В этой перспективе небезынтересно представление чинарей о том, что «поедание и половое соединение — два следствия одного и того же принципа» (Чинари—1, 244). Сущность этого принципа — в разрушении структуры. Недоверием и страхом, внушаемым полноценным половым актом, который напоминает пожирание мужчины женщиной, можно объяснить и некоторые особенности хармсовской сексуальной жизни, в особенности то место, которое занимает в ней оральная эротика. Суть ее заключается именно в ее неполноценности, в ее недоведенности до конца, она как бы является суррогатом нормального совокупления. С другой стороны, возможно и несколько иное объяснение, основывающееся на исследованиях Фрейдом детской сексуальности, самый первый этап которой, относящийся к прегенитальной сексуальной организации, находит свое выражение в преобладании оральности.
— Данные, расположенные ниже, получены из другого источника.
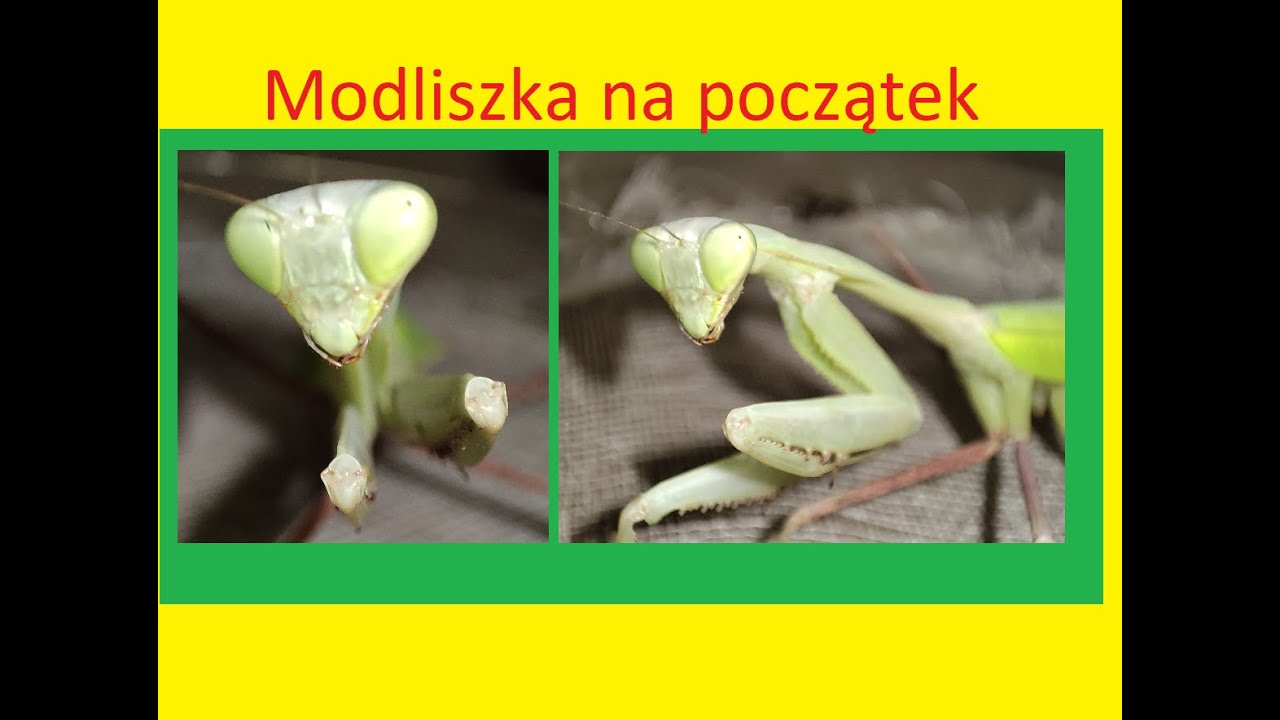 193. Jaka modliszka na początek.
Принимая во внимание тезис Фрейда об инфантильном характере перверсий, данную особенность половой жизни Хармса можно было бы истолковать как бессознательное желание вновь вернуться в состояние покоя и защищенности, которое предшествует расщеплению сознания на «я» и «не-я»[422]. Однако нельзя забывать и о том, что согласно хармсовским представлениям о сущности поэтического творчества, погружение в бессознательное должно привести не к растворению в нем, а к расширению сознательного эго, за счет элементов бессознательного, до сверхсознательной самости; на онтологическом уровне данному процессу соответствует воссоздание конкретного и реального мира, в котором муже-женская энергия выступает как нерасчленимая целостность[423].
Характерно, что неспособность поэта преодолеть родовую стихию проявляется в том, что он вынужден отказаться от своего амбициозного проекта: так возникает проза, удовлетворяющаяся фиксированием каждодневной действительности. Но и над этими текстами писатель не способен осуществлять полный контроль, что проявляется в невозможности закончить текст, который становится аморфным, нескончаемым. Безличность такого текста убивает личность автора. Именно поэтому для второго, прозаического периода творчества Хармса особое значение приобретает именно агрессивная природа оральности, ее направленность на поглощение объекта. Если нормальный половой акт представляется Хармсу неким поглощением, поеданием[424] женщиной мужской индивидуальности, следствием чего является разрушение структуры сознания и растворение в родовой стихии, то направленность этого поглощения будет прямо противоположной при вышеуказанной перверсии (в том ее варианте, когда активную роль играет мужчина): теперь уже мужчина поглощает женщину, а не наоборот. Каннибалистское поедание женщины превращается в символический акт не только поедания мира как такового, но и текста, который, не в силах преодолеть притяжение материального, является его отражением. Попытки оборвать текст, остановить его поступательное движение, свойственные прозаическому творчеству Хармса, выступают как реализация этой агрессивности, направленной на достижение добытийственной пустоты. Так притяжение абсолютного ничто вытесняет то настойчивое стремление преобразить мир, основой которого была сублимация сексуальной энергии в энергию творческую.